Desde Sherlock Holmes al Papa Benedicto, la figura del mayordomo ha sido protagonista en muchas de las historias de la humanidad. Recordemos que siempre, universalmente, ese hombre de confianza fue el que guardó la llave de los secretos más tremendos de la familia. Alfred en la mansión de Bruno Wayne o Emilio en la casa de las mujeres Bandi salieron desde las sombras y llegaron a iluminarse y a ponerse en un podio. Porque el mayordomo, siempre, siempre, siempre, es el que conoce los misterios.

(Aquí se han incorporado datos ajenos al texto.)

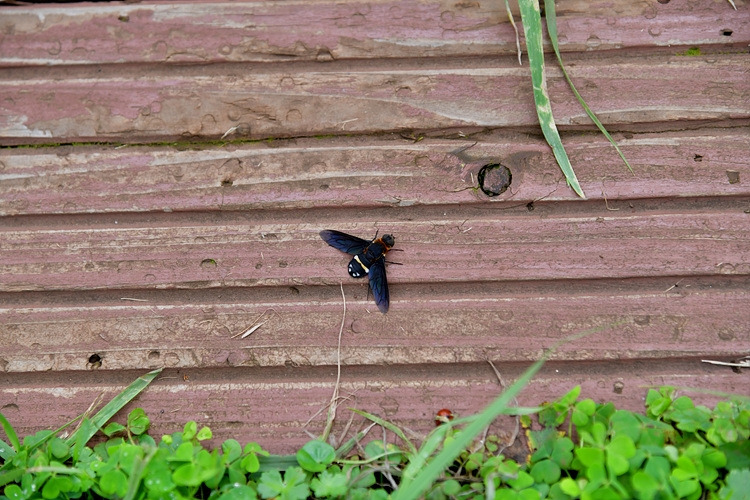 검정날개재니등에 Ligyra tantalus DSC_0140.jpg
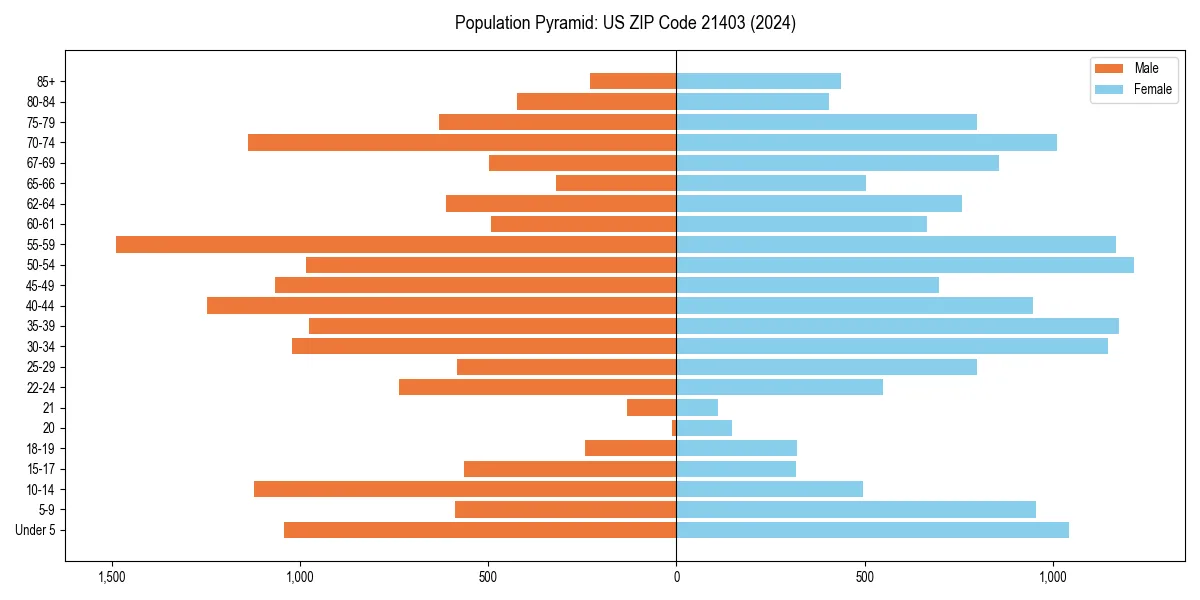 Population pyramid for 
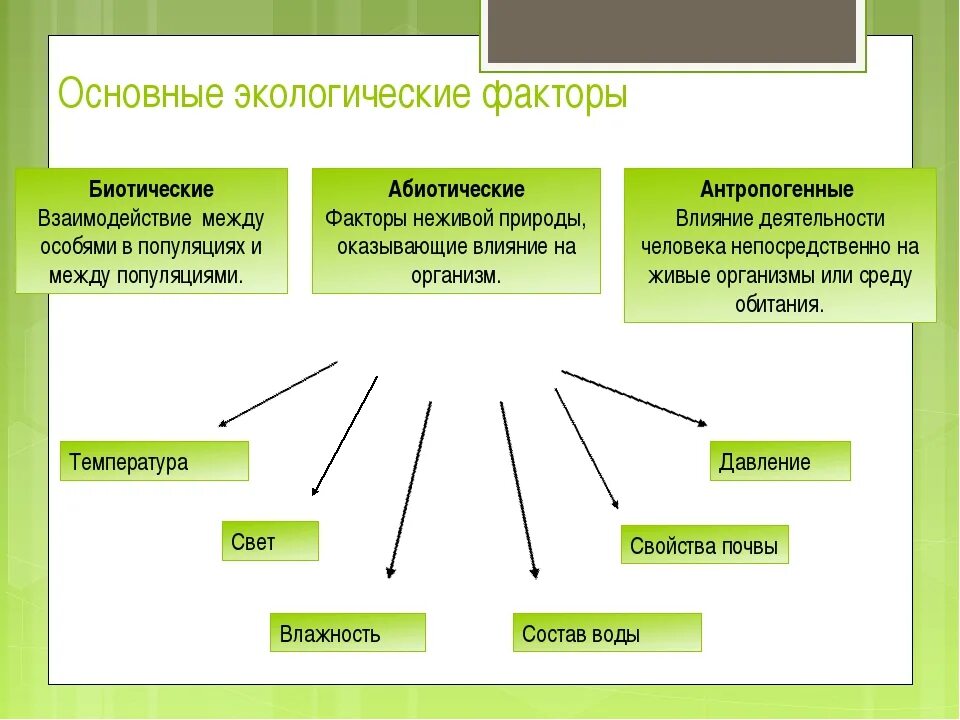 Что из перечисленного связано с экологичным образом. Основанные экологические факторы. Основные экологические факторы. Экологические факторы взаимоотношения организмов. Факторы среды обитания организмов.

Por eso, en Dulce Amor, Emilio resulta un superhéroe moderno. Incluso más que el propio Batman. Es el único hombre que sobrevive aferrado a su buena voluntad y rodeado por cuatro mujeres acomodadas y conflictivas. También es el poseedor absoluto del sentido común. Tiene corazón y lo usa. Pero también pone cabeza. Esconde y a la vez, habla. Habla y, a la vez, oculta. Oculta y, a la vez, es el único capaz de acomodar los entuertos como en rompecabezas.
Emilio, alguien tiene que decirlo, es el alma inquieta de la novela. Es la mente brillante. Ni bueno ni malo, el mayordomo siempre es el amigo fiel, la figura complementaria, el verdadero yang del ying. Y Emilio es el único hombre que las Bandi no podrían darse el lujo de perder.